The prospect of a Trump presidency frightens me terribly. If it frightens you too, think seriously about whom to vote for. Think not in personal terms but in political ones. Imagine yourself in dialogue with those political and opinion leaders—Sanders, Warren, Moore, Davis, and so many others—who have cast their lot with Clinton, for now. What are they saying? How much credibility have they earned based on their histories of involvement? Do you really feel able or inclined to counter their heartfelt and strong and reasoned arguments, grounded in histories of serious commitment to the left? Think hard about this, as part of your own internal dialogue, before you vote.
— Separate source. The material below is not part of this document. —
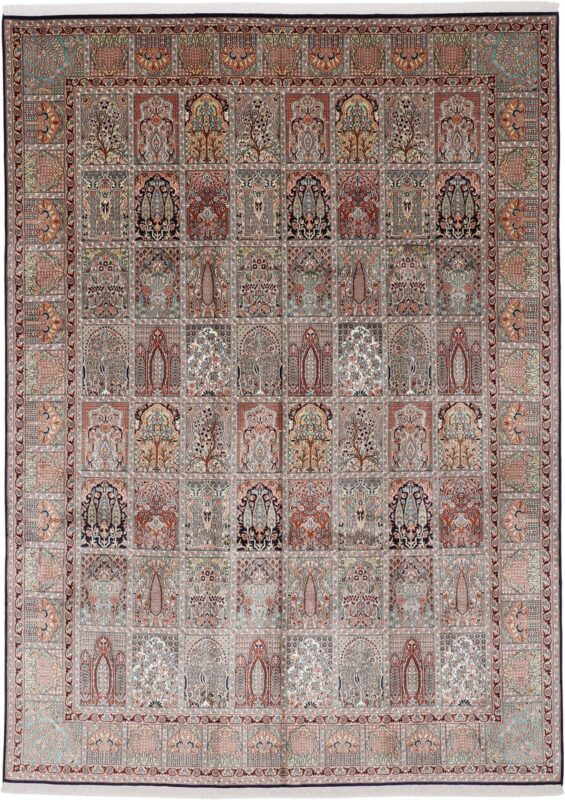 Kaschmir Orientteppich 240 × 336 cm, Seide, handgeknüpft edel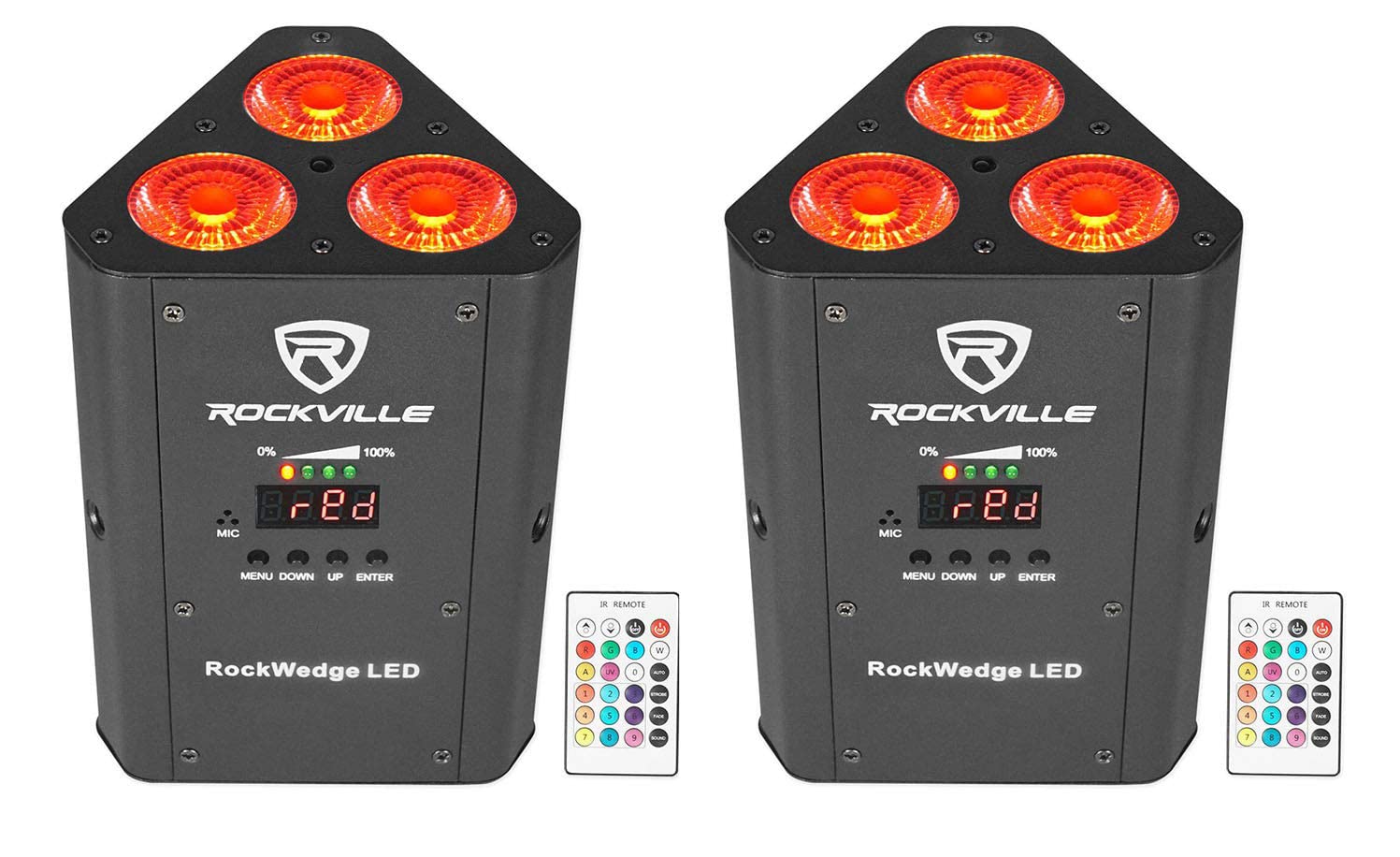Rockville RockWedge LED RGBWA+UV Rechargeable Wireless DMX DJ Par Up-Lights - Professional Stage Lighting for Weddings, Clubs, and Events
In the end, it’s not about Clinton or, really, about any one leader. The success of our politics does not depend on having a single person at the helm of an organization, a party, or the nation.
Support Clinton not because she is virtuous and not because her fellow centrist Democrats support her.
Support her because a Trump victory would be a disaster for the values we hold. And support her because a Clinton victory would also be a victory for the Sanders-inspired platform of the Democratic Party, for all the progressive organizations that endorse her, and for continuing the “political revolution” whose future a President Trump would put in dire jeopardy. Support Clinton on November 8—or vote for her early. Then, on November 9, continue the hard work of building a powerful movement of the left.
But support her now, because the choice could not be clearer or more urgent: Clinton or barbarism.
Jeffrey C. Isaac is James H. Rudy Professor of Political Science at Indiana University, Bloomington, and editor-in-chief of Perspectives on Politics: A Political Science Public Sphere.